Erwin, Toni, Ilse
I started photographing when I was 16 and was accepted to the School of Graphic Arts in Vienna when I was 19. After four years I graduated and passed my trade test. In the final school year I attended a class for film technique and our teacher Professor Dirnhofer lent us his camera, a Eumig C16. I started to make films with my colleague Erwin Reichmann, and we were highly influenced by the Nouvelle Vague. That was the beginning. In my first film I made a portait of Erwin and for that reason the film is simply called Erwin. Toni the small kid with the pistol is my brother. And Ilse was a friend, ten years younger than me, who had recently tried to commit suicide; later she succeded. I also made photographs of her. With Ilse I noticed for the first time that an emotion arise during the film. That is what mostly interests me in comparison to making photographs. Photography has a suspending camera eye – and this disadvantage I wanted to turn into an advantage: Thus the idea of serial photography developed – taking many similar shots and comparing the images. This idea has been very much influenced by the lectures of Hans Neuffer and Peter Kubelka. (...)
People are usually shy at the beginning, which I know from portrait photography. For that reason I begin shooting at a distance and then try to get as close as possible. And that’s more or less the way I’ve shot my films.

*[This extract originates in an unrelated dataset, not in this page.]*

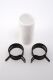 DLA - Muffler complete DLA 58 and 116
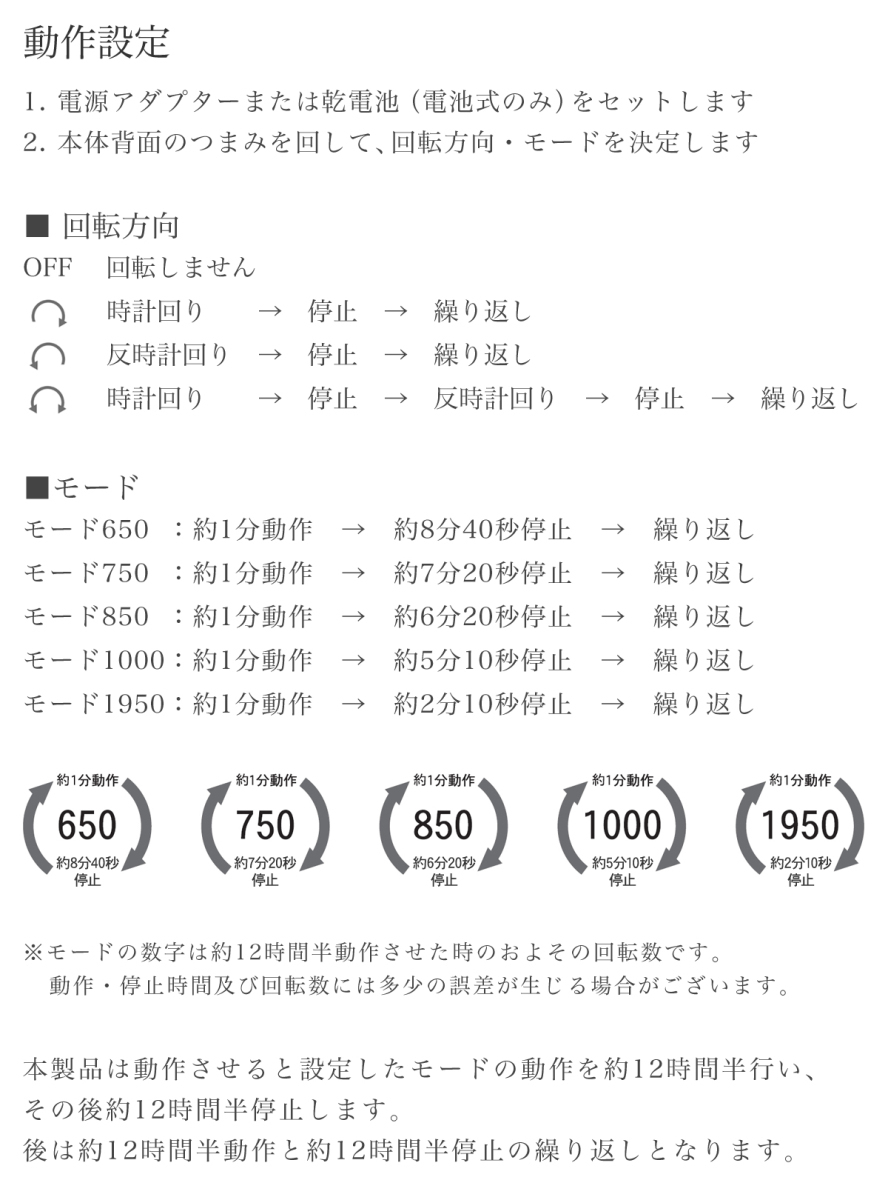 ABIES アビエス ワインディングマシーン 4本巻 ブラック×キャメル 1年保証 腕時計用ケース 収納の画像7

(from an interview with Friedl Kubelka)
Thematically Friedl Kubelka´s films are closely related to her photographic works, which are portraits. In 1968 she began working with film, producing her first sketch of three individuals. The three protagonists appear in various aquatic environments in Vienna, at the Danube Canal or the Danube River itself. The final passages herald Kubelka´s later approach to film: the film portrait, which dispenses with language and an actual plot.